[Captioned web image data]
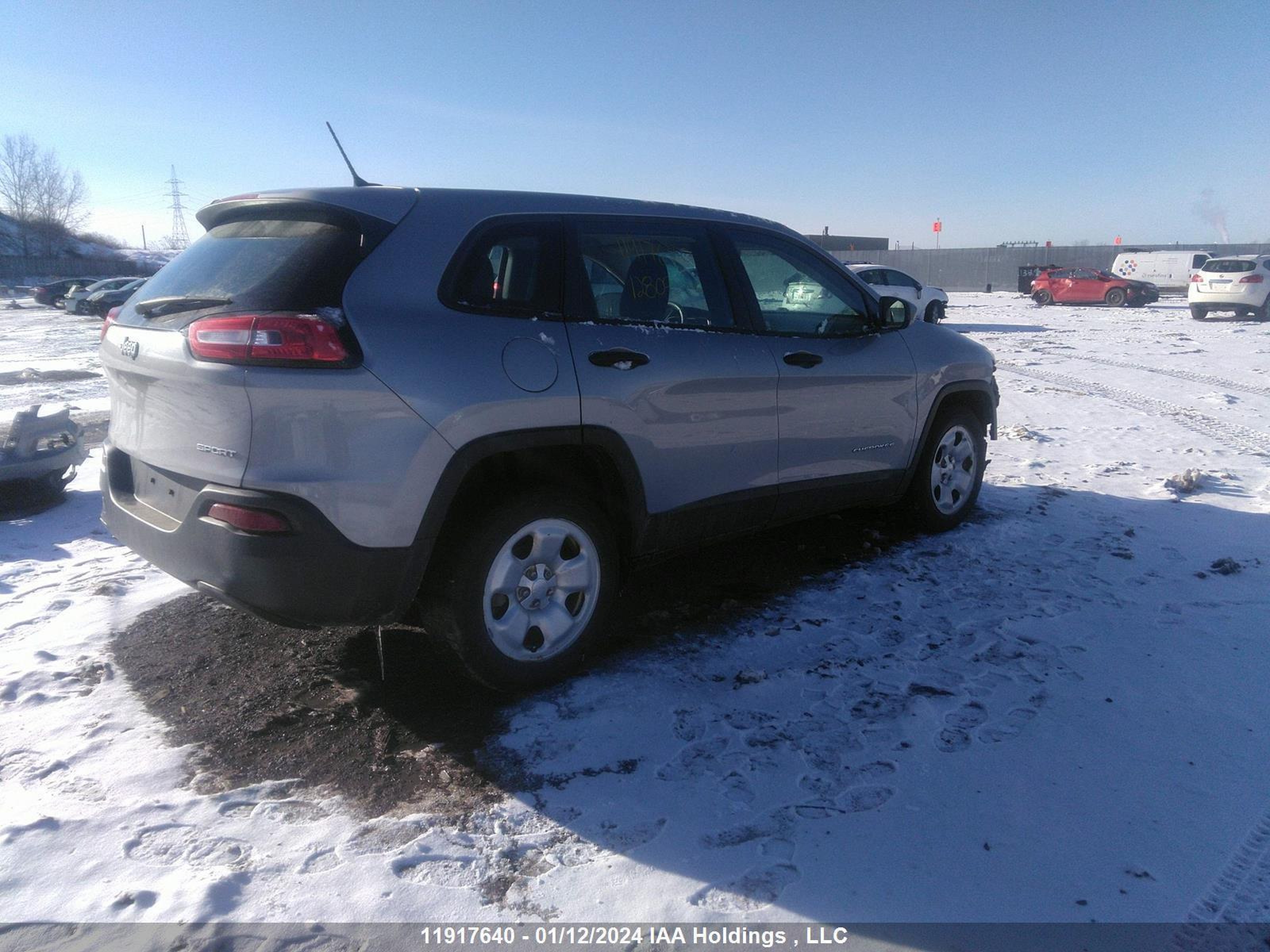 Photo 2 VIN: 1C4PJLAB3GW128091 - JEEP CHEROKEE 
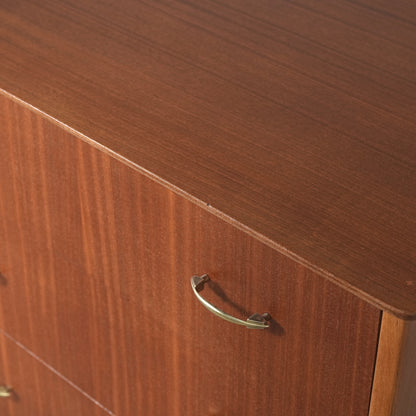 イギリスヴィンテージ ハイチェスト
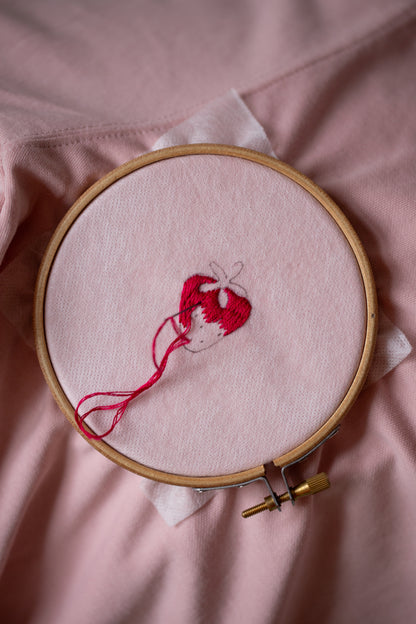 Broderikit: Frugter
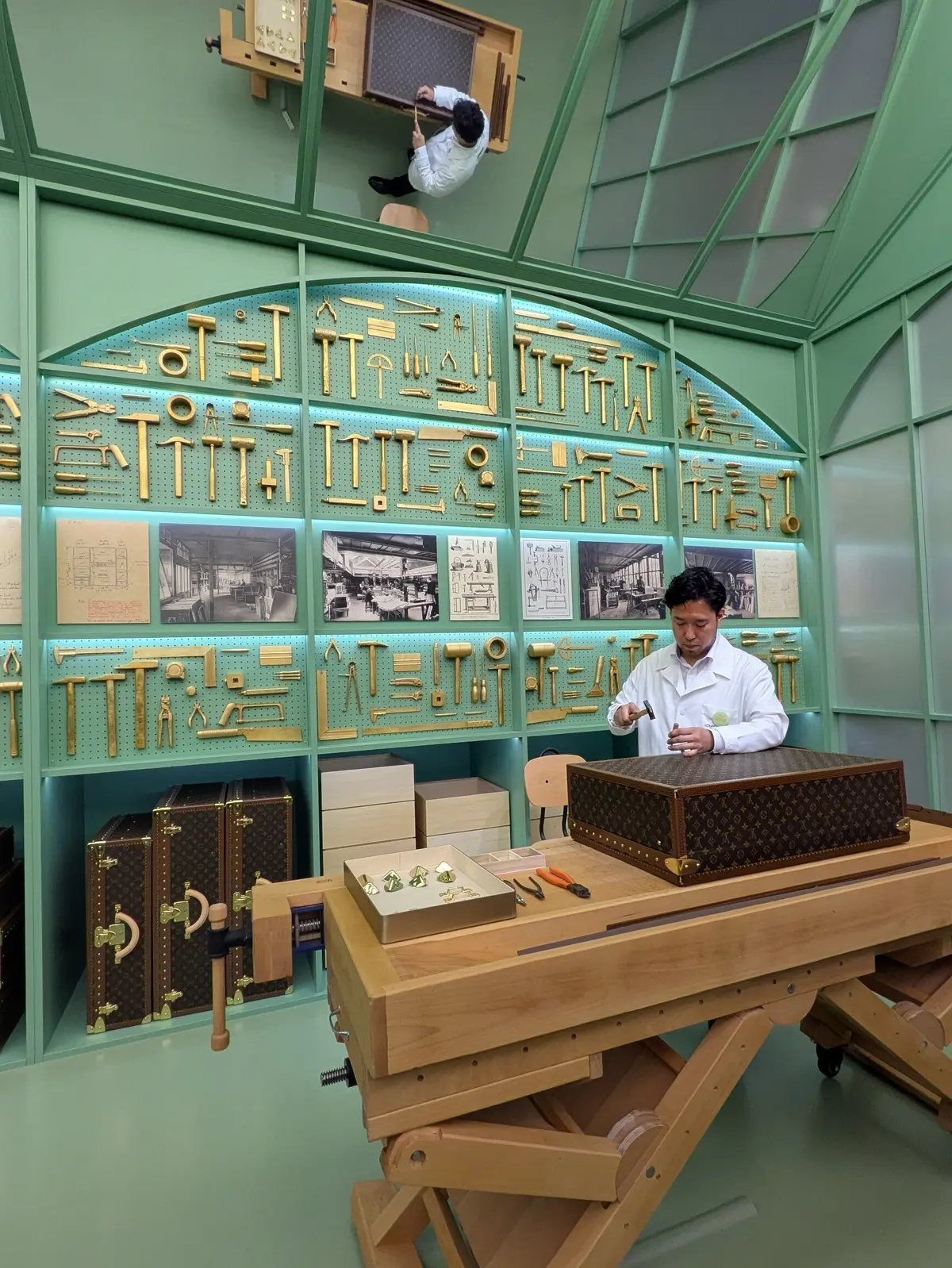 ≪大阪・中之島≫憧れハイブランドLouiの画像_5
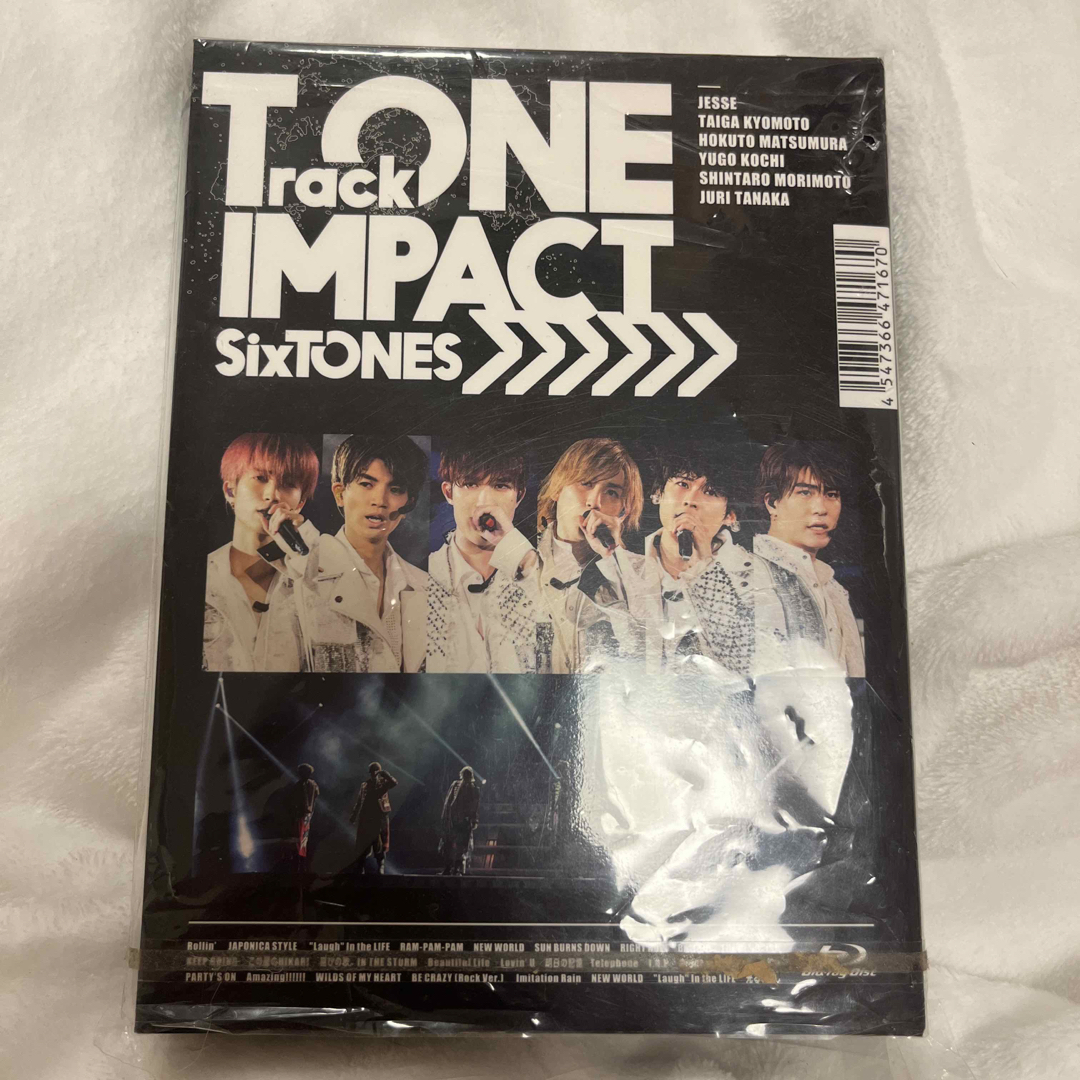 SixTONES - TrackONE -IMPACT-(初回盤) Blu-rayの通販 by ミルモで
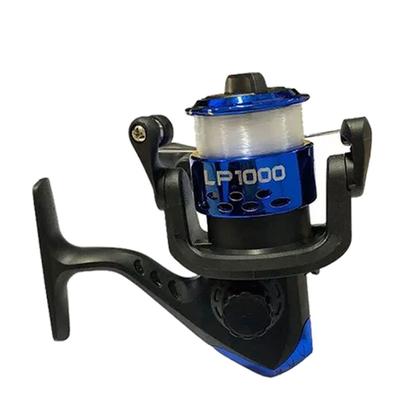 Imagem de Kit Pesca 3 Super Molinetes Resistentes LP1000 com Linha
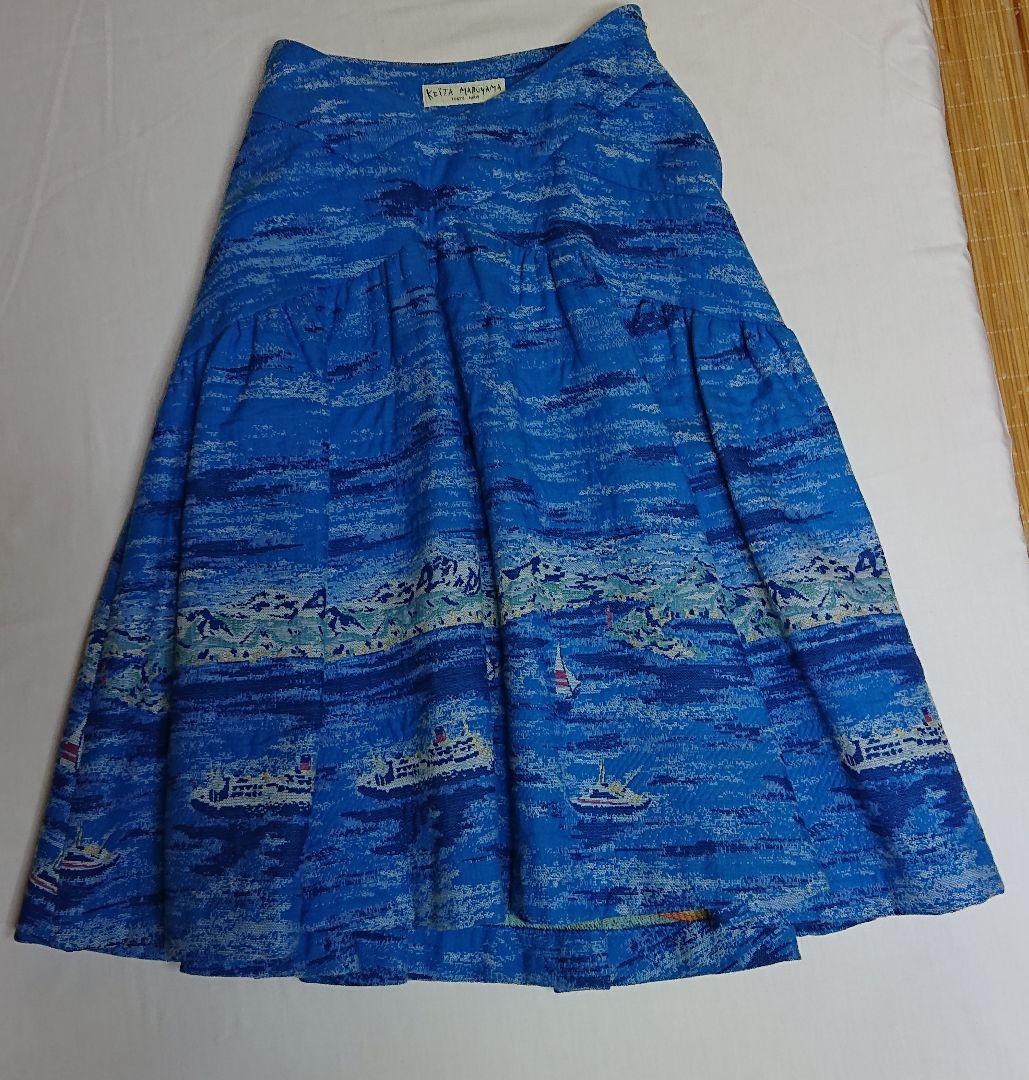 ケイタマルヤマゴブラン織りスカート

TRY IT →
All of the records need repeating exactly, except for the pictures.

SOLUTION →
 Photo 2 VIN: 1C4PJLAB3GW128091 - JEEP CHEROKEE 
 イギリスヴィンテージ ハイチェスト
 Broderikit: Frugter
 ≪大阪・中之島≫憧れハイブランドLouiの画像_5
 SixTONES - TrackONE -IMPACT-(初回盤) Blu-rayの通販 by ミルモで
 Imagem de Kit Pesca 3 Super Molinetes Resistentes LP1000 com Linha
 ケイタマルヤマゴブラン織りスカート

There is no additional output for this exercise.